[INSTRUCTIONS FOR THE TASK]
Every line from the one with "2023 Dodge Challenger SRT Hellcat Jailbreak" through the end of the material below, both ends included, should be transcribed exactly, without pictures.

COLLECTED MATERIAL below:

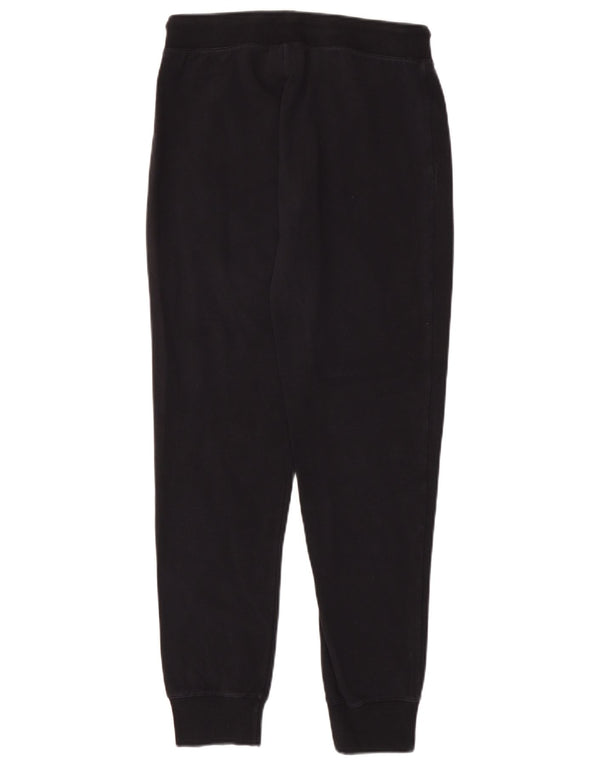 Champion Womens træningsdragt Bukser Joggers UK 12 Medium Navy Blue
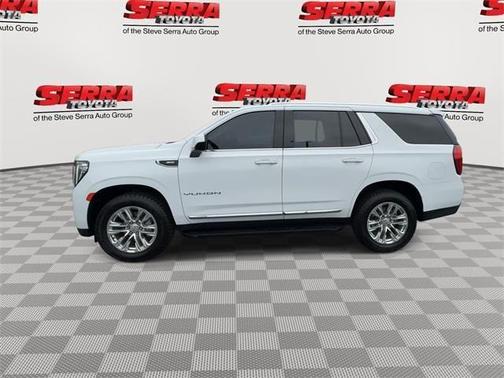 2023 GMC Yukon SLT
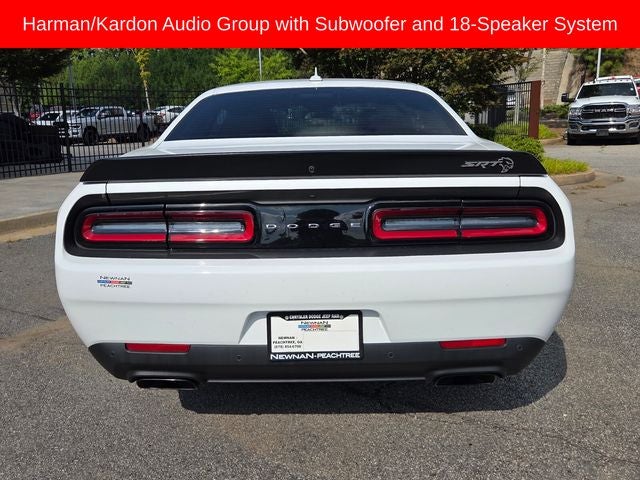 2023 Dodge Challenger SRT Hellcat Jailbreak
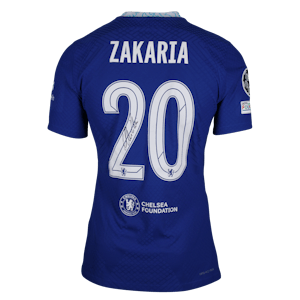 Maillot de Denis Zakaria (Chelsea)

End of COLLECTED MATERIAL.

[RESULT FOR THIS TASK]
 2023 Dodge Challenger SRT Hellcat Jailbreak
 Maillot de Denis Zakaria (Chelsea)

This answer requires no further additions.